Owning a top quality set of bench chisels is a dream of many woodworkers. What is considered by many as the best set of chisels available, Lie-Nielsen’s set of 5 chisels cost $340 online. For many of us that’s much more than we want to spend. Luckily, there are plenty of inexpensive, yet good quality bench chisels available. One of the better buys is Irwin’s boxed set of six chisels. Online you can find them from about $55 to about $70. The only problem with them is they come with these horrible Polypropylene handles. Not only are they uncomfortable–they have a sharp seam and they feel slimy–they are plain butt ugly. With some minor effort you can turn these ugly cheap chisels into a set of high end looking and performing tools. All you need to do is replace the handles and tune up the blades a little. I did that to mine. Here’s how I did it.
The photo is from Rockler’s website. My set was identical. The box is pretty cheesy, but that can always be upgraded too.
The first thing you have to do is remove these ugly handles. They are made of polypropylene and are tough to remove. The easiest way I found was to cut a slice in all four side with a cut-off wheel and then wiggle the blade out. Another way to do it is to head the blade enough right by the handle until it comes loose. But this could take the temper out of the blade so I would use the cutting method.

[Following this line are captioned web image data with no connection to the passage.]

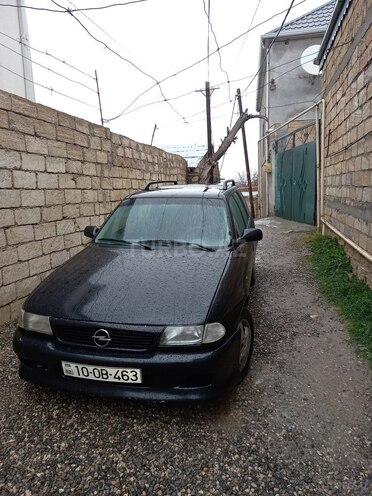 Opel Astra 1997, 220,000 km - 1.8 l - Sumqayıt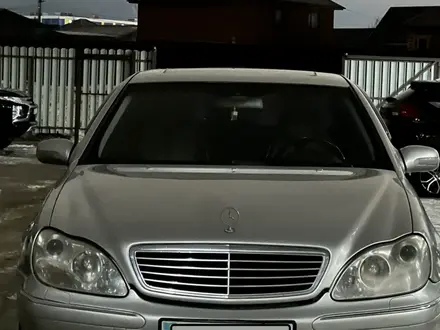 Mercedes-Benz S 320 2000 года за 4 000 000 тг. в Уральск – фото 2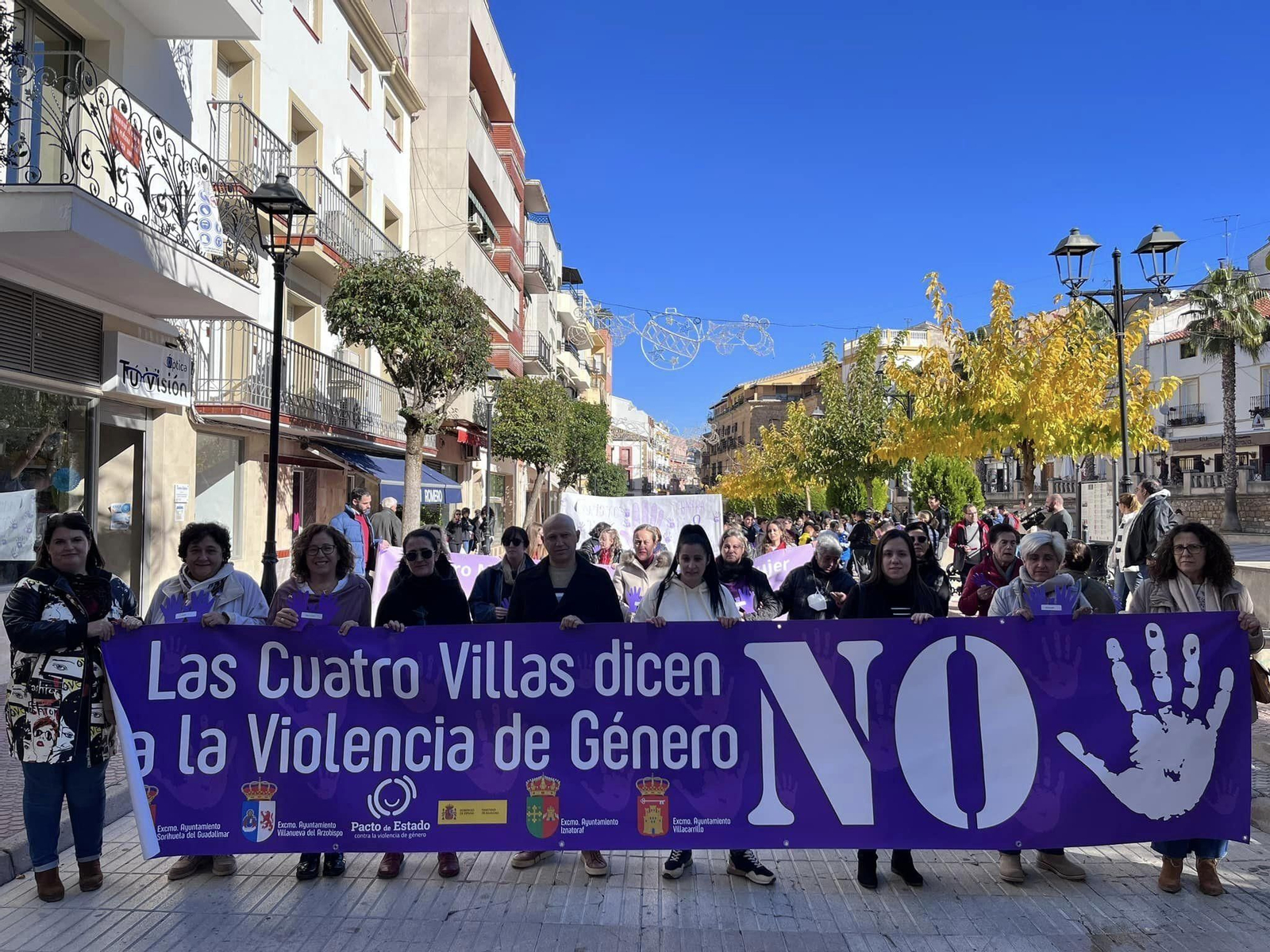 Villanueva del Arzobispo en representación de las Cuatro Villas.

As soon as you start cutting the hand starts to melt and cotton candy starts flying every where. It’s messy and stinks.
Here is the mess from just one cut.
All four sides are cut and I’m moving it back and forth while pulling.
Though they look like socket chisels, they aren’t. For a wood handle you’re going to need a ferrule to keep the handle from splitting. That tang is about 1 3/4″ long. Let’s make the handle.
I started with 1 1/4″ stock. I used some scrap cherry and cut it 1 1/4″ square by 7″ long. The original handles are about 4.5 inches long. I wanted my handles a little longer, 5 3/8″ long. 7″ is just long enough to give you room to turn the end of the handle and part it off. Use a four jaw chuck to firmly hold the square stock.
Lock in the handle stock but don’t support it at the other end.
Turn the handle to 1 1/8″ or what ever thickness you’re comfortable with.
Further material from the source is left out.